Não são poucas as metáforas que comparam a vida a uma estrada. Que todas as curvas sinuosas devem ser encaradas com prudência; que na dúvida, não ultrapasse; que a velocidade máxima deve ser respeitada; que seu corpo é como um carro que requer manutenção, etc. A estrada da vida é lugar-comum. No entanto, poucos comparariam a vida a um circuito de corrida. Talvez até mesmo os aficionados por corridas tenham dificuldade em fazer tal comparação. Afinal, uma pista de corrida é um circuito em que você anda, anda e volta sempre ao mesmo lugar, enquanto na vida você nasce, cresce e morre, e nunca volta ao mesmo lugar, como na história do rio.

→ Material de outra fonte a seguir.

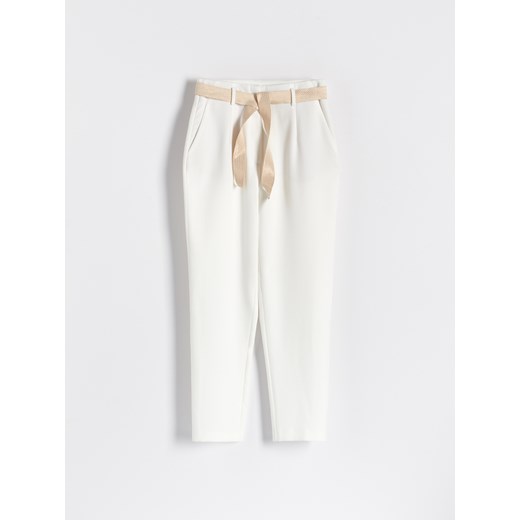 Reserved - Spodnie z wiskozą - Biały Reserved L Reserved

Por isso, quando encontramos um escritor que coloca uma vida em um circuito de corrida e consegue fazer isso de forma inteligente e emocionante, ficamos impressionados com a possibilidade — talvez antes não vislumbrada — e tentados a fazer comparações, algumas até insensatas. Por que não comparar nossa vida a uma garrafa de vinho do Porto (espera-se que seja um vintage ou pelo menos um LBV) ou a uma xícara de café? Bom, elucubrações à parte, basta dizer que vale a pena percorrer o circuito de corrida que foi a vida de Ultimo Parri, personagem principal de Esta história, do italiano Alessandro Baricco.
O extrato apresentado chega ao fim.